We perform element-wise multiplication of two lists in Python using list comprehension and zip() to pair corresponding elements:

result = [x * y for x, y in zip(list1, list2)]

Make sure that list1 and list2 are of the same length for precise results.

Power it up with advanced techniques

When dealing with large numerical datasets, Numpy library offers a performance edge. Convert lists to Numpy arrays for high-speed operations:

import numpy as np a = np.array(list1) b = np.array(list2) result = np.multiply(a, b)

Where numbers do the talking, Numpy walks the walk with its swift array operations.

We can also take a detour down the functional programming lane with map and operator.mul:

from operator import mul result = list(map(mul, list1, list2))

This method camouflages the multiplication operation, bringing forth a streamlined, functional approach. It's like inviting a magician to the party!

Tackling unequal lists with broadcasting

Suppose you're dealing with lists of varying sizes that need pairing. Enter Numpy broadcasting:

import numpy as np a = np.array([1, 2, 3]) b = np.linspace(0, 2, num=len(a)) result = np.multiply(a, b) # Broadcasting: Numpy playing matchmaker!

linspace spawns an evenly spaced array, which elegantly couples with the initial array ensuring smooth element-wise operations.

Don't stumble on pitfalls

numpy.dot may look tempting for multiplication, but guess what, it performs matrix multiplication not element-wise!

# This does the Matrix, not the Tango! np.dot(a, b) # This is how you tango! np.multiply(a, b)

Adapt to your dataset

Depending on the size of your list, you need to adopt a matching approach:

  • List comprehensions work well with small to medium lists.
  • For large datasets, say hi to Numpy arrays.

Subtle moves with Numpy

Numpy isn't just a one-trick pony.
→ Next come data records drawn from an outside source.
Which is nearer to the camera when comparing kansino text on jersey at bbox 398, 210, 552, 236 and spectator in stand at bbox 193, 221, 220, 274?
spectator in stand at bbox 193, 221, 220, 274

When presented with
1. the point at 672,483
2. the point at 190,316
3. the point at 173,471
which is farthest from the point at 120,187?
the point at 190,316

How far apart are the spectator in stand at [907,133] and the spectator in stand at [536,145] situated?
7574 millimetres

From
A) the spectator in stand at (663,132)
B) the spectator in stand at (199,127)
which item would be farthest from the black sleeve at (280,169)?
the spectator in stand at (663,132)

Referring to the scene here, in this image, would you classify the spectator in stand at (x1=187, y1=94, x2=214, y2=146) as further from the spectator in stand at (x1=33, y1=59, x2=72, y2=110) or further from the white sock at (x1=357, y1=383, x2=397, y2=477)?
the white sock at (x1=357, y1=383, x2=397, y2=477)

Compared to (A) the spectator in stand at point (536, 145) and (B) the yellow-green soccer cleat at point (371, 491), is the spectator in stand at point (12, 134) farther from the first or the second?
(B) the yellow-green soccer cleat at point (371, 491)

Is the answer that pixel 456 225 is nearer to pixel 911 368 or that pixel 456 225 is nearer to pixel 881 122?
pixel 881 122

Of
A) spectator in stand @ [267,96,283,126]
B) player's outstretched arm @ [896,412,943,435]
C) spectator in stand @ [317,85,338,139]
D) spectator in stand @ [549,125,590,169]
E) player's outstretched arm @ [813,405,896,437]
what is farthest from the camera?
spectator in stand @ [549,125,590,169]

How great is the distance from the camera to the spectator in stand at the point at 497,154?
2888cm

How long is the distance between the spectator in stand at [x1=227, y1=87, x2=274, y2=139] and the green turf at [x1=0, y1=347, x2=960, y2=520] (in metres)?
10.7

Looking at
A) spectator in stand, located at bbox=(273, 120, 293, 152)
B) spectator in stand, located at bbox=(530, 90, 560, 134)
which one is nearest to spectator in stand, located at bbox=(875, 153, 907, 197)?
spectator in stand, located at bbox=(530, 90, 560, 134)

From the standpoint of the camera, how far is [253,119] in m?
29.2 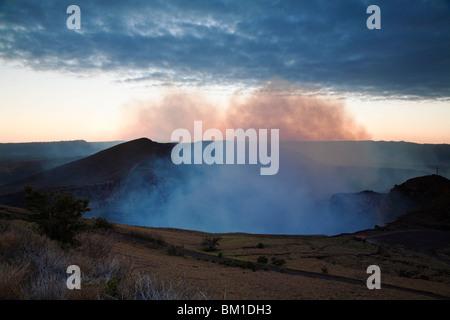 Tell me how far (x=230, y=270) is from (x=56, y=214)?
398 inches

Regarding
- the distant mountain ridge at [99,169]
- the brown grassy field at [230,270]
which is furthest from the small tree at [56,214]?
the distant mountain ridge at [99,169]

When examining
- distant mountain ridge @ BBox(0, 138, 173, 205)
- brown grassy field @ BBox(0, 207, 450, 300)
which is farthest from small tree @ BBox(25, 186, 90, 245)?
distant mountain ridge @ BBox(0, 138, 173, 205)

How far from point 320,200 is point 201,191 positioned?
149 feet

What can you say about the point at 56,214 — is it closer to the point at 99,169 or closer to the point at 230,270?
the point at 230,270

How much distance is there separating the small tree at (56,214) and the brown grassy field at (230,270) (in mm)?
919

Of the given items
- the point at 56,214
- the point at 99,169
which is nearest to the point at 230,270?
the point at 56,214

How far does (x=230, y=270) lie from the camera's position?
58.7 feet

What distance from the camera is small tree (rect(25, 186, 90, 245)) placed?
15.2m

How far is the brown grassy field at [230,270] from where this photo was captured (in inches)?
221

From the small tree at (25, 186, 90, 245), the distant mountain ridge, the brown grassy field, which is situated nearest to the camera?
the brown grassy field

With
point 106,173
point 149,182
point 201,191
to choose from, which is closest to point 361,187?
point 201,191

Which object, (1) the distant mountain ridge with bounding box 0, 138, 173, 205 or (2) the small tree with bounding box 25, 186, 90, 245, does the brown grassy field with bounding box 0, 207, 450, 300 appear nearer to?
(2) the small tree with bounding box 25, 186, 90, 245

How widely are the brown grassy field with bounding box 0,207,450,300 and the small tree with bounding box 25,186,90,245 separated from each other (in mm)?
919

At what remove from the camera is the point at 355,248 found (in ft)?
106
Check this out:

# The dance floor is all yours! np.multiply.outer(a, b)

This snippet multiplies each pair from a and b — it's like hosting a combo party that goes all night!

Coding with style

A readable code isn't just easy on the eyes but also efficient in computation:

  • List comprehension is prompt and precise.
  • Numpy arrays are neater and offer faster numerical computations.
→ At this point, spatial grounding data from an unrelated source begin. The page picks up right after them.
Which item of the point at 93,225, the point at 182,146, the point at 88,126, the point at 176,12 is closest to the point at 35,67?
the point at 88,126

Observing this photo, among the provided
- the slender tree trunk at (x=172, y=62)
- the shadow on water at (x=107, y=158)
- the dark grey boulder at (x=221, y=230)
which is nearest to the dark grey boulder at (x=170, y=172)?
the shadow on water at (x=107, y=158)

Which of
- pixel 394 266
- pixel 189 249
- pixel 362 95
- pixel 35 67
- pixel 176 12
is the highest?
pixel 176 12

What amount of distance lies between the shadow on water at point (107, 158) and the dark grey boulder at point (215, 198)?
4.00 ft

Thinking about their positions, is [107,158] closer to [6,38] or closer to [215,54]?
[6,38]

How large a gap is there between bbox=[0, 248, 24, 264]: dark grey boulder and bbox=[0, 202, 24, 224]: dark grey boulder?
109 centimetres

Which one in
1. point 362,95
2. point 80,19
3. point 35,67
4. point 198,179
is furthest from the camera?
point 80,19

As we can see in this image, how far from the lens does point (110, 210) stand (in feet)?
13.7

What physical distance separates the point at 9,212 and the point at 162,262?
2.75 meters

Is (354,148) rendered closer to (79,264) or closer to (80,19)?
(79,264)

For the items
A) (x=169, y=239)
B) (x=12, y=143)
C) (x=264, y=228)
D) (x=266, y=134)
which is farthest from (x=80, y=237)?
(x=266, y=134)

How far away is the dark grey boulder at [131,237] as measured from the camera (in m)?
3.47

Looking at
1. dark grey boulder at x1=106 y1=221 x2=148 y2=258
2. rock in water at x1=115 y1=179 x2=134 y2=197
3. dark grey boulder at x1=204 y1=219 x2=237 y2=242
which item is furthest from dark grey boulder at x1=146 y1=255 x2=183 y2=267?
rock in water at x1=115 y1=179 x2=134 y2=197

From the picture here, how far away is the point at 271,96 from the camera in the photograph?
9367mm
Using numpy.array(list) for conversion adds to a more efficient calculation compared to lists. Make use of the np alias for less verbose code:

import numpy as np # Short alias, easy life! result = np.multiply(np.array(list1), np.array(list2))

In essence, Numpy's array capabilities tend to outshine list operations for large datasets and math-intensive computations.